劇場公開日 2000年1月8日

「待ちわびた偶然」ANA+OTTO アナとオットー コバヤシマルさんの映画レビュー(感想・評価)

4.0待ちわびた偶然

2022年1月6日
スマートフォンから投稿
鑑賞方法:DVD/BD

興奮

知的

幸せ

内容は、ANAとOTTOから見た円環と人の繋がりをテーマにおく恋愛物語。恋愛モノは最高の思い出を残したまま満たされない呪いの中に生きる事だと思うので、それを素晴らしく美しい映像化で組み上げられた作品だと感じた。
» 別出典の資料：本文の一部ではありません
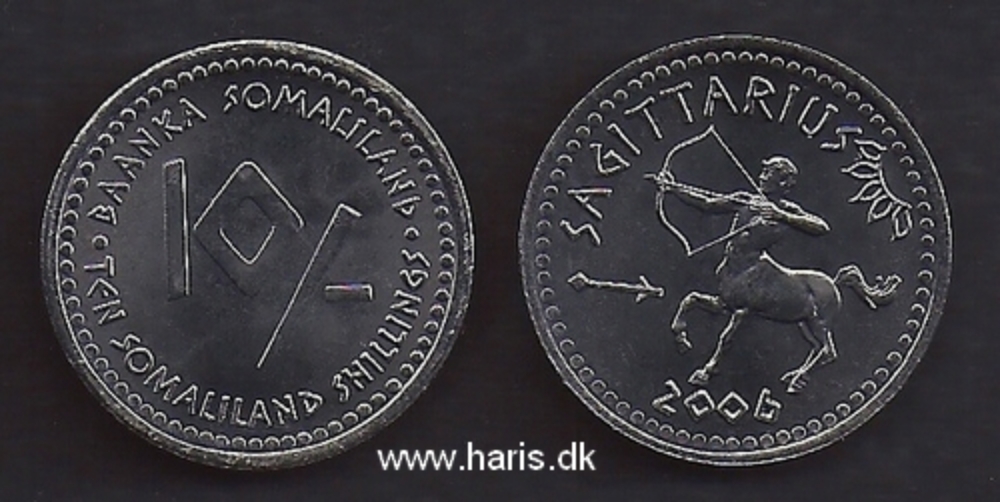 Picture of SOMALILAND 10 Shillings 2006  Sagittarius KM 17 UNC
伏線の張り方が絶妙で映画IQも多少必要だが見れば観客が取り憑かれるであろう作品。そしてミスリードも絶妙で観客を飽きさせない作りは脱帽だ。全体的に叙情的で静かだが北極圏の沈まぬ太陽の表現は美しかった。タイムラプスと水面を移す心象表現は凄い。最初に天を仰ぐANAの涙が溢れてくる映像と別の世界に行きたくて夢に見た自分が夢の世界に辿り着きアンハッピーエンドながら幸せそうでカタルシスも感じた。ANA父の死がANAにも関係する辺りと心の窓からバリエンテ"勇敢"に入ってきてや外のOTTOの心騒ぐ庭の様相など分かりやすく面白い。紙飛行機で愛の言葉を書いて飛ばす辺りなど何を書いたのか気になるし、飛行機に乗って来ると言う伏線も美しく寒さは観ていて感じるが、じんわり心温まる好きな作品の一つになりました。